Higher-than-expected costs in the trucking industry's new Teamsters labor contract could lead to another round of freight rate increases, some industry officials warned.

Analysts and trucking executives confirmed this week that the industry's new three-year labor pact will hit hardest those companies that have added the most employees since 1985.Truckers, apparently confident that the new pact would contain only modest labor increases, recently accepted rate hikes averaging about 4 percent.

Some officials now say privately that the increase, which took effect April 1, probably will not cover the higher wage expense for some of the more prosperous carriers.

I don't see too many positives for us, said a top official for a large regional carrier. I don't think, as management, we convinced the union of the harsh competitive situation. It's a tough contract.

The new agreement calls for a 50-cent hourly wage increase in the contract's first year. A cost-of-living adjustment, which may not exceed 35 cents an hour, will take effect in both the second and third years.

Most damaging to the fast-growing carriers, however, is a significant adjustment in the new-hire wage program implemented in the 1985 agreement.

Under that plan, newly hired employees received 70 percent of the standard wage their first year, rising to 80 percent in the second year and 90 percent in the third before reaching the top rate.

The new agreement creates an 85 percent, 90 percent, 95 percent scale that is reached in just 18 months instead of three years.
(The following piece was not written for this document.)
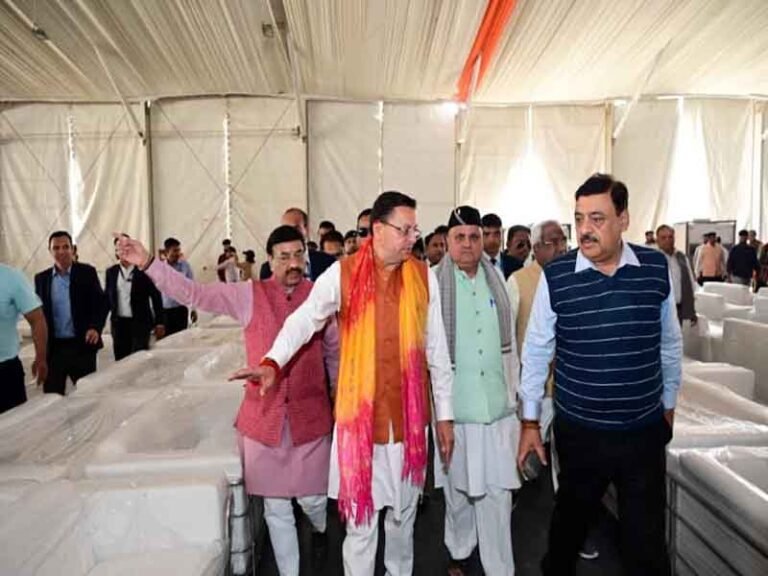 केन्द्रीय गृह एवं सहकारिता मंत्री अमित शाह का 7 मार्च, 2026 को हरिद्वार बैरागी कैम्प में प्रस्तावित भ्रमण कार्यक्रम की तैयारियों का मुख्यमंत्री ने किया स्थलीय निरीक्षण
As a result, thousands of employees hired over the last three years immediately will receive wage increases of 10 percent to 30 percent.

The 50-cents-an-hour increase represents about a 3.5 percent wage hike, but the changes in the new-hire formula actually will hike labor costs 6 percent to 8 percent for many companies.
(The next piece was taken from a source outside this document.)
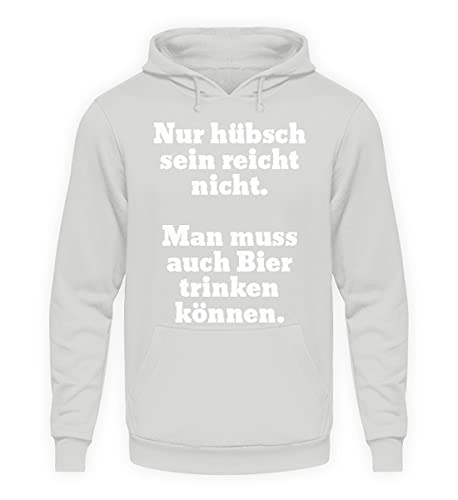 Sweat bière original taille XXL gris avec capuche pour homme et femme passionnés de zythologie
That could force many companies, including some of the nation's biggest carriers, to raise their rates to recoup the higher costs.
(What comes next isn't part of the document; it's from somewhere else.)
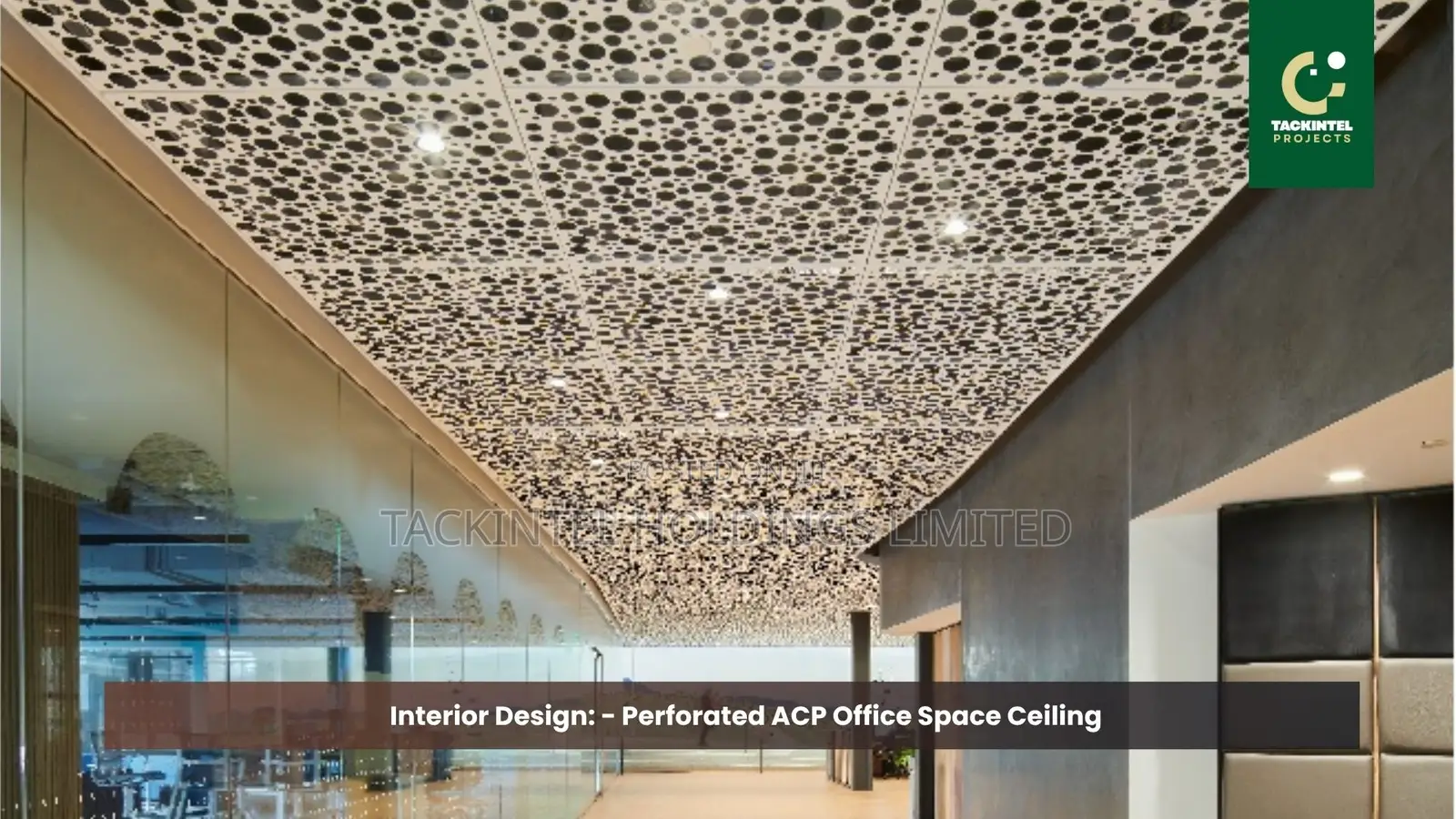 Perforated Acp (Alucobond) Ceiling for Office Space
Other provisions in the new pact call for a 20-cents-an-hour hike in health and welfare and pension payments in each of the contract's three years; a freeze in the current $12 an hour pay rate for casual, or part-time, workers; and a profit-sharing option for carriers.

Under the profit-sharing plan, a company may ask its employees to sacrifice up to 15 percent of their wages in exchange for a share of future profits. But 75 percent of the company's employees must approve the plan.

If a profit-sharing program is accepted, it becomes mandatory for all company employees.

Sources close to the talks say the contract also contains new language that makes its tougher for carriers to use owner-operator truck drivers and railroads to replace line-haul union trucking operations.

But one official said the changes are not that much stronger. There were no language changes pertaining to so-called double-breasted operations, where a company operates both union and non-union subsidiaries.

Some union members complained that carriers with dual operations have been diverting business to the non-union subsidiary and had been seeking more restrictive language to block the practice.

Management also had been seeking some work rule changes that would have granted more flexibility in using union employees. But officials said there were no significant changes in the national agreement applying to the use of casuals or road drivers.